Drawing nearer we hear the hoarse cawing - a shop-floor meeting discussing a matter of exploitation, or maybe a shop steward calling for order amid interruptions from the floor. A good animal, true to my animal instincts, I say, "Sounds like something from my dark and dirty past, Peter."
"I'll get them out. Get some idea of numbers. It's only a small tree. Can't be many." The stick he throws - a management tool - hits the canopy fair and square. And suddenly the air is alive with birds, including an owl.
"They've got an owl!" he yells. "Where's he off to?"
We scramble to follow. The crows are diving and squawking at the fleeing owl. "Peter, what are we doing in this man's orchard?" Such niceties as asking permission have escaped him.
"They chased him into that orange tree. How many crows do you reckon, Alan?"
"What are we treading on, Peter? We're trespassing."
"Nobody minds birders. These trees need thinning."

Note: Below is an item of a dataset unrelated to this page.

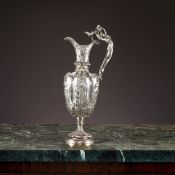 ELKINGTON & CO: A FINE VICTORIAN SILVER PLATED EWER, BIRMINGHAM C. 1875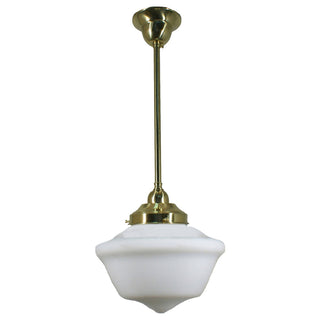 Lighting Inspirations Victorian Schoolhouse 9'' Opal Matte On Rod Set 1/2'' x 1/2m Polished Brass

To my mind birders are like hikers. Trespass on private land you get shouted at. "The man's yelling at us, Peter."
"Let's take a look."
Sometimes his superiority annoys me, but he is the boss of this combo and he helped us a lot when we first moved in, so I let it ride. Close up our target is just a thick bushy fruit tree and, against the sun, I can't see a thing. But something is hiding in there, and whatever it is, it wants to stay hidden, for I can see that mob of crows circling and blasting away... Aha! A momentary absence of light as he blinks and then I see him fully revealed, staring straight at me. Dogs and cats, you recognise their faces. But how do you recognise an owl's face? OK, you see only what you want to see - I see a long-suffering owl saying 'please leave me alone.'
Peter wants to put the bird up. I want none of it. With my eye on the burly farmer rapidly approaching I say "I think we've got the wrong tree, Peter."
"Can't be the wrong tree, it's alive with bloody crows. Looked like a Spotted Owl to me. These trees definitely need thinning."
"Too small for a Spotted. More like a Tawny."
We leave hurriedly, mumbling apologies. The man has big hands and two ominously silent Canarian hunting dogs. We agree to sight it as a Tawny Owl (in flight) and ten crows.
"We will never get rid of crows, Alan. They can live anywhere. It's migrating birds that will suffer as the world changes. Migrating patterns will be destroyed. We will lose millions. Already, in Spain alone, almost a hundred species are endangered through loss of habitat."
Half hidden as it was in dense shade, Peter with his birder's eye should have seen that owl. We know his eyesight isn't so good, but that owl was obvious to me. I cheated him out of it because, being a sentimental idiot, I thought more of the owl's feelings than his. He's certainly very distracted lately, as if he's doing a lot of worry work. So something's up.
While climbing out of Taganana he prattles on about Milano Real - "Pardon? The Red Kite. Thank you, Peter" - Urgently I must get to Lizzie and get her to sound out Shirley.
"Peter, turn the heater on full blast and open the windows wide. With any luck it will stop the radiator boiling over!"